Se a Homero fosse dada a possibilidade de escrever sobre a relação entre gregos e troikanos poderia inspirar-se na Ilíada e adaptá-la aos tempos atuais. Dessa história devemos esperar que, como então, os gregos saiam vencedores, sabendo-se que, para derrotar o inimigo que hoje enfrentam, será necessário um pelotão de cavalos.

Longe vão os tempos em que o romance animava as disputas, pelo que, desta vez, o doce perseguido não será a bela Helena, mas toda a riqueza que possa ser sugada à Grécia, pois é isso que anima estes violadores do século XXI, DC. Ocupam-se com a apropriação de bens alheios, quer para seu gáudio, quer para aumentar a dimensão do seu império, subjugando os povos que pretendem transformar em escravos destes tempos. Escravos que só não serão alimentados nas caves escuras das casas senhoriais, com os restos da comida não tragável, porque é muito mais simples empurrá-los para os andares superiores das grutas que Saramago descreveu.

De acordo com Homero, aos gregos impôs-se capacidade de organização e uma dose elevada de criatividade para recuperarem a mulher roubada a Menelau. O cavalo enganou os troianos e os navios transportaram os que ajustaram contas com os κλέφτες.

Porém, os tempos são outros, os troikanos não dormem em serviço, nem tão pouco arriscam por dá cá aquela paixão e, até relativamente à satisfação desse tipo de “sentimento”, como se pôde confirmar por exemplo passado de diretor-geral do FMI, recorrem à contratualização de serviços externos.

Pela comunicação nacional, propriedade dos troikanos e seus simpatizantes, temos sido informados que os gregos, se não pagarem o que devem aos senhores, serão severamente castigados com medidas que não irão esquecer. Ainda não se disse que acabarão a comer pedras da rua, mas já se ameaçou com a falta de liquidez para pagar salários e pensões, como também para manter serviços públicos que lhes são essenciais. Para manter essa liquidez, avisam os troikanos, é necessário cortar salários e pensões, como também destruir serviços públicos que são essenciais aos gregos.

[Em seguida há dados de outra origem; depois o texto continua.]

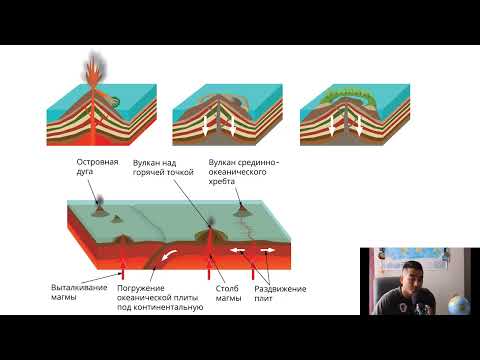 Видео: ЛИТОСФЕРА 3 / ШКОЛА ГЕОГРАФИИ / ГЕОГРАФИЯ ЕНТ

Curiosa, mas não estranhamente, o BCE deu há dias luz verde para transferir mais 60 mil milhões de euros para os bancos gregos, valor que daria para pagar quase 40 tranches iguais às que se exige que, com o dinheiro roubado a trabalhadores, reformados e utentes dos serviços públicos, os gregos paguem aos credores liderados por FMI e União Europeia, confirmando que, para tais agiotas, a vida das pessoas vale menos que a de qualquer banco.

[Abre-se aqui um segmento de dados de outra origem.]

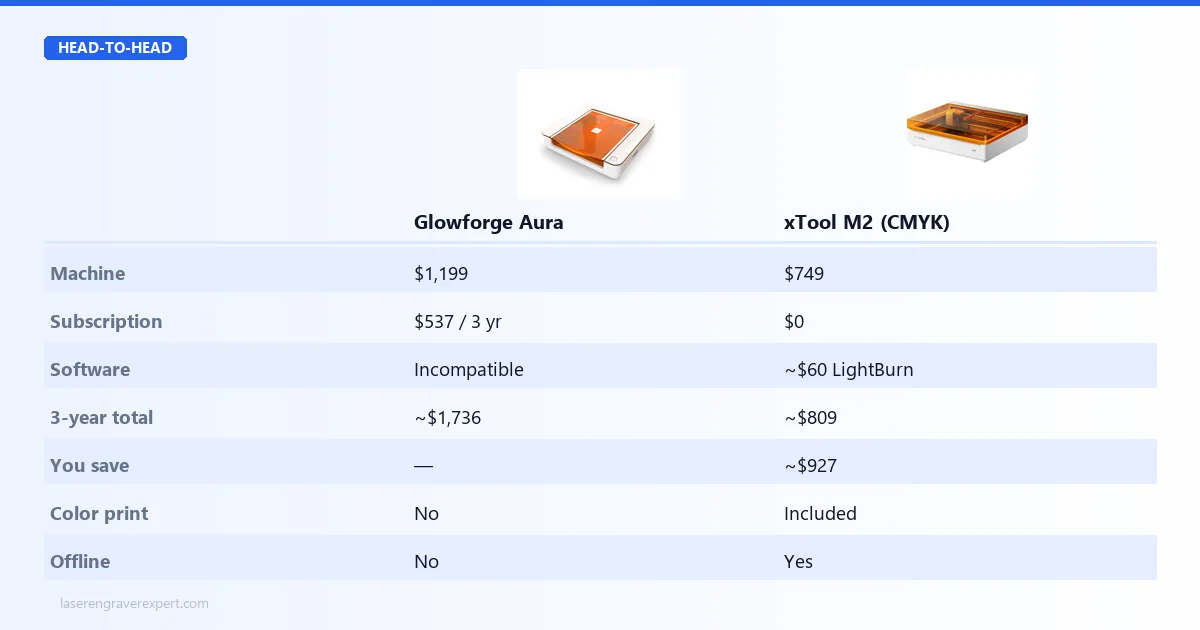 Glowforge Aura vs xTool M2 total cost of ownership — $1,199 plus $537 Glowforge Premium subscription vs $599-749 with no subscription, a roughly $927 three-year saving on the M2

Estes castigos com que os gregos são ameaçados por – e agora avançamos um pouco na história – se recusarem a pagar corveia, banalidades, ajudadeira, formariage, fossadeira e algumas miúnças são também parte de um “sério aviso” a outros povos para que não arrisquem imitar os gregos, desafiando o poder de quem manda. E, nesse aspeto, os portugueses fazem parte dos avisados e Portugal é um exemplo que os troikanos gostam de dar: um país com os cofres cheios que, assim, poderá continuar a alimentar o seu inesgotável apetite.

Aos trabalhadores gregos, onde se incluem os professores, que mais pode ser imposto que não seja imposto aos portugueses? Cortes salariais? Também temos desde 2010! Carreiras congeladas? Sabemos o que é desde janeiro de 2011! Uma enorme carga fiscal? Continuamos com a herança do desaparecido Gaspar que goza de um emprego dourado oferecido por aqueles que serviu. Desemprego, precariedade, medidas do tipo “mobilidade especial”? O FMI mandou cortar mais 173 milhões de euros em funcionários públicos. Encerramento de serviços públicos que servem funções do Estado? Conhecemos bem a prática. Municipalização ou privatização de serviços? São estratégias que estão aí em força.

Então, concluir-se-á, o que de essencial nos distingue dos gregos é a postura do seu governo face ao que os troikanos lhes querem impor. Enquanto eles recusam ceder Helena, o subserviente governo português entende que, para além de Helena, lhes pode também oferecer, Conceição, Gisela, Maria, e, se estiverem interessados, acrescentará Zulmira na cedência.

Por vezes afirma-se que é uma questão de honra ou de coluna vertebral e que isso faz toda a diferença entre os governos grego e português. Também é isso, claro, mas, na verdade, a questão principal é que os governantes portugueses reveem-se no que lhes é exigido: por razões de ordem ideológica (é aquele o caminho que querem percorrer) e também porque, saindo da cadeira do poder, sabem que, aos colaboracionistas, será oferecida uma cadeira onde se poderão refastelar.

Antes que seja tarde, é preciso agora, com eleições à vista, acentuar a luta contra quem impõe estas políticas em Portugal e, no momento adequado, levar a luta até ao voto.